Ja, dat heb ik vaker gehoord. Ik herinner mij nog ‘de compleet veilige achtbaan’ waar de sensor van de beugel niet detecteerde dat ie al tegen mijn middenrif aan zat en maar bleef doorduwen. Daardoor zat ik de hele rit alsof ik een korset droeg. Dan is het lastig gillen.
Klagen en stoplicht
Met tegenzin sjouwde ik de band omhoog de trappen op. Onderweg haalde ik een mokkende vader in, die in zijn eentje een familieband voor een andere glijbaan omhoog sjouwde, terwijl zijn kinderen liepen te klagen dat al die trappen zo zwaar waren. Eenmaal boven ging ik op de glijbaan in de band zitten en wachtte tot het stoplicht groen werd. Zal je zien dat degene na mij het stoplicht negeert en bovenop mij klapt.

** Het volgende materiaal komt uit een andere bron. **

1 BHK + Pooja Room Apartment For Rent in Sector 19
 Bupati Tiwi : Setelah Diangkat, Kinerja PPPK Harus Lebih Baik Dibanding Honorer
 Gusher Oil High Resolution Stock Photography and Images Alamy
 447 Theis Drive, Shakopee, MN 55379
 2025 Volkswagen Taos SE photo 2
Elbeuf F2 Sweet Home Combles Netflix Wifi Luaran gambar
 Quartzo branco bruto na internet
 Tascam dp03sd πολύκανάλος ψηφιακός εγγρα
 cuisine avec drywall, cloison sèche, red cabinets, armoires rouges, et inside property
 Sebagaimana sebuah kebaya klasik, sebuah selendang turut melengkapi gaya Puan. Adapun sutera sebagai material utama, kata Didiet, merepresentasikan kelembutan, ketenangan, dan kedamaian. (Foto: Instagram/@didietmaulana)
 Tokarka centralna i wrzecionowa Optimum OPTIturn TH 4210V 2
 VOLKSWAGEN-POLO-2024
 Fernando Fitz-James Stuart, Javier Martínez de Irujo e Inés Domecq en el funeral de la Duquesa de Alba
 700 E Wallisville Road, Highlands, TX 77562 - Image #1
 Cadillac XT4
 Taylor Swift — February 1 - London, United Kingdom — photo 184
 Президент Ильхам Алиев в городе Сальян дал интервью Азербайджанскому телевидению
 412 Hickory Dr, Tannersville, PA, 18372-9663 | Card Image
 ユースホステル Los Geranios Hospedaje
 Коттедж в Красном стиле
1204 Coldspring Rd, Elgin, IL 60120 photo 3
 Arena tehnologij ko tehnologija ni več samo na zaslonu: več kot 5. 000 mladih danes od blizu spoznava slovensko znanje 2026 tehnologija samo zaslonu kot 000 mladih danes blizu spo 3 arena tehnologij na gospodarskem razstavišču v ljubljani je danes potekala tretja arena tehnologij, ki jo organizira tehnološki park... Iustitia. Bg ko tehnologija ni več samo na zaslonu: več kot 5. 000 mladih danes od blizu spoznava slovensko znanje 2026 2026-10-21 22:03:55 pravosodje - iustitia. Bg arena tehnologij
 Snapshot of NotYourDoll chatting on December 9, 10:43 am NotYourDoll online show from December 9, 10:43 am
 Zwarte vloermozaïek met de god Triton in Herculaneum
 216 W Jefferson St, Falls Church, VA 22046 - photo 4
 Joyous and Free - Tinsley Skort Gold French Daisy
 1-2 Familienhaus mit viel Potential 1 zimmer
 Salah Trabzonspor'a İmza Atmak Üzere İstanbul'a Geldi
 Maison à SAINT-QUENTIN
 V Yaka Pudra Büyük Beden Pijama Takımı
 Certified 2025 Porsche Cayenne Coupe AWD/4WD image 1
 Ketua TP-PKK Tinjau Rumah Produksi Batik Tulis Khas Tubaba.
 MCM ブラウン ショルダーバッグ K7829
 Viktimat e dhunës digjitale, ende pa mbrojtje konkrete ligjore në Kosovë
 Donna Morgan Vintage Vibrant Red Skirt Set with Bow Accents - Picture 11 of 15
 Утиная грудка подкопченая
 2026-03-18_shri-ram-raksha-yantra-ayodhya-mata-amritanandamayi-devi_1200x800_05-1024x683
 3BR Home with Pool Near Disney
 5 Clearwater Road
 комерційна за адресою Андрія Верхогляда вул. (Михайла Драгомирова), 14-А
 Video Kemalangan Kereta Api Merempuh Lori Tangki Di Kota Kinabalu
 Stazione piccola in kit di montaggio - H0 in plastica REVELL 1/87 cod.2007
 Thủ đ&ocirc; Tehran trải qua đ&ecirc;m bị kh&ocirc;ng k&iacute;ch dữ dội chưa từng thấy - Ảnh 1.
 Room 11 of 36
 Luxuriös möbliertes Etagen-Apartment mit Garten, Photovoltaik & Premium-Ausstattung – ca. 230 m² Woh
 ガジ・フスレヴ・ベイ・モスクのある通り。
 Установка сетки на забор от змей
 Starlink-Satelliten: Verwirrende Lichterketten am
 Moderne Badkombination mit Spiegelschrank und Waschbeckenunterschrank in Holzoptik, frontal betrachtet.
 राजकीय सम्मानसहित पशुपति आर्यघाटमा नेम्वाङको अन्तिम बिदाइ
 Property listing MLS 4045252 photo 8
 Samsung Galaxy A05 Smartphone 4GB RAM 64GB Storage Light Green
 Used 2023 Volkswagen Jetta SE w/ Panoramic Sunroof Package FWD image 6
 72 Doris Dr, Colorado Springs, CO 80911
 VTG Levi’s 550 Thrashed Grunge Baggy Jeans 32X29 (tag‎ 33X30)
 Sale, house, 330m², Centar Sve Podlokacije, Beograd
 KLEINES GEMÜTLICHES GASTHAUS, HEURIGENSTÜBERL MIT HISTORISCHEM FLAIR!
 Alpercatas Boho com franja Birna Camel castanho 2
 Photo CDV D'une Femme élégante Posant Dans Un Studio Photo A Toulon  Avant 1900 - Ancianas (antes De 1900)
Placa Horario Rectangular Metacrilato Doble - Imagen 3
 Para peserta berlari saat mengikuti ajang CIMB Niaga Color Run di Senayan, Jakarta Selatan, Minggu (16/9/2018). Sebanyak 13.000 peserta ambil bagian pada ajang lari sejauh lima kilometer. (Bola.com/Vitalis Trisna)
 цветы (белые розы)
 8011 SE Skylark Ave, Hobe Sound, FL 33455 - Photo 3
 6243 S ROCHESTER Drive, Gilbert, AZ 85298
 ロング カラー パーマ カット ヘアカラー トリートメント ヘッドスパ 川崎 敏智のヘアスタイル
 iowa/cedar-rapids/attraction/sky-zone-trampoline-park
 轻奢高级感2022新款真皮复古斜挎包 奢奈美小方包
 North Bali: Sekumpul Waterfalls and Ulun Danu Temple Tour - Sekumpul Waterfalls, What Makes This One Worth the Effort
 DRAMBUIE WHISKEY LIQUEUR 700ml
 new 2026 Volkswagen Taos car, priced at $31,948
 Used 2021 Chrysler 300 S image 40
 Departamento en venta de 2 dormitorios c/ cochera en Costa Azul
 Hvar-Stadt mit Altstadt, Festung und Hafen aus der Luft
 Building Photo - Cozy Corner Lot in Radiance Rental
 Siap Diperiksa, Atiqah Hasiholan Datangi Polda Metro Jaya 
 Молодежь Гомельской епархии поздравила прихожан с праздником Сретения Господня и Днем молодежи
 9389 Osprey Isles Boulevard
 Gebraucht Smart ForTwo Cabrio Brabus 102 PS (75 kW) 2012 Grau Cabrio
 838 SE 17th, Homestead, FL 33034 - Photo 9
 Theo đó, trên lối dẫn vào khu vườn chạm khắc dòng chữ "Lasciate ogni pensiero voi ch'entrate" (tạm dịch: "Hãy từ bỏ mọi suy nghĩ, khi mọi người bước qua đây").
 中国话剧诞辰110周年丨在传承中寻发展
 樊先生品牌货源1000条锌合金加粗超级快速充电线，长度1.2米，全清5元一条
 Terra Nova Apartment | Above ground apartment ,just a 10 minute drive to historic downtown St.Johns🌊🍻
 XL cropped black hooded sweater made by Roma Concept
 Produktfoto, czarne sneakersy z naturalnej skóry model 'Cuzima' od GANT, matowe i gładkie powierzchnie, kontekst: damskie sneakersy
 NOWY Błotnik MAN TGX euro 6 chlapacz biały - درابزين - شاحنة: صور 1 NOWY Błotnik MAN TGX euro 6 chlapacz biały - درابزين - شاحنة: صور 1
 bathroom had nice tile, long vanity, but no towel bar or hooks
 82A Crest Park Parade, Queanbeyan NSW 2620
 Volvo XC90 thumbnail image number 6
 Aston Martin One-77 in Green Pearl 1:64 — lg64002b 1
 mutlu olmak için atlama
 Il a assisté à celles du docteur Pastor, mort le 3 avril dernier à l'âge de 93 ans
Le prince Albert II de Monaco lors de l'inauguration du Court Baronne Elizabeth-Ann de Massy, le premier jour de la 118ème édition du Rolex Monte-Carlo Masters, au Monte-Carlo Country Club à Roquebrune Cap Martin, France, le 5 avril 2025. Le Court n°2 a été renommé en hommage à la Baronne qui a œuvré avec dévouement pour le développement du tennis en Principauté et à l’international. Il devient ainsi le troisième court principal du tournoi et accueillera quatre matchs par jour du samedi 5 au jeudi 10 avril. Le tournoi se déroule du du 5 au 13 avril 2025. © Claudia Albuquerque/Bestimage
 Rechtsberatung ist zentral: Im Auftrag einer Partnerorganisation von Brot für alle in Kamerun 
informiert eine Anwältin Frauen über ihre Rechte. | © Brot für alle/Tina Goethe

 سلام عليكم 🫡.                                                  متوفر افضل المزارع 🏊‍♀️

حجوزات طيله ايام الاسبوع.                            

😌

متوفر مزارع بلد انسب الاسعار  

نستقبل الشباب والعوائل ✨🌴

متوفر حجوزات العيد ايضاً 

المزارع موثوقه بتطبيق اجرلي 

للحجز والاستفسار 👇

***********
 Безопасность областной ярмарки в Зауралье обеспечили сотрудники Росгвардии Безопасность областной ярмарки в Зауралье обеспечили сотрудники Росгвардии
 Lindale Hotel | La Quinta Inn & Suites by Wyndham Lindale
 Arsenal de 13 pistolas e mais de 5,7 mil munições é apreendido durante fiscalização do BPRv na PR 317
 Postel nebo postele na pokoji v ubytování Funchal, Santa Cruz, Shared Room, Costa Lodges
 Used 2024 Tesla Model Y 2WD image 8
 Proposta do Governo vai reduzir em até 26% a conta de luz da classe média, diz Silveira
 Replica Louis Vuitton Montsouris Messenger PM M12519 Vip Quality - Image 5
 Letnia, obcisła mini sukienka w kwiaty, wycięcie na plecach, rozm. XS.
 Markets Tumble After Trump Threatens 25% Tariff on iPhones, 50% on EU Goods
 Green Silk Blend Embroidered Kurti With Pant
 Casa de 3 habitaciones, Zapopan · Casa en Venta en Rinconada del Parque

Al gauw ging ik erg hard en werden de bochten vrij scherp. Tot ik op een recht stuk kwam en nog achterover hing van het bochtenwerk. Daardoor viel ik met band en al achterover. Ik kwam stil te liggen en ging weer rechtop zitten. De band lag vijf meter boven mij, dichtbij maar onbereikbaar.
Ik dacht aan degene na mij die nu potentieel met 40 kilometer per uur op mij af denderde en roeide voor mijn leven naar beneden. Eenmaal in het opvangbad zwom ik snel naar de kant. „Ehm, ik viel uit de band, die zit nog in de glijbaan”, zei ik tegen de badjuffrouw. „Ja, dat zagen we al op de schermen”, mopperde ze. „De band is door de stroming zijwaarts gaan staan en blokkeert nu de hele glijbaan. We hebben de attractie stilgelegd en moeten iemand laten komen om hem weg te halen.”
„En, was je nog mans genoeg om de glijbaan aan te kunnen?”, vroeg mijn vriendin spottend toen ik terugkwam. „De vraag moet eigenlijk zijn”, antwoordde ik, „of de glijbaan wel mans genoeg was om mij aan te kunnen.”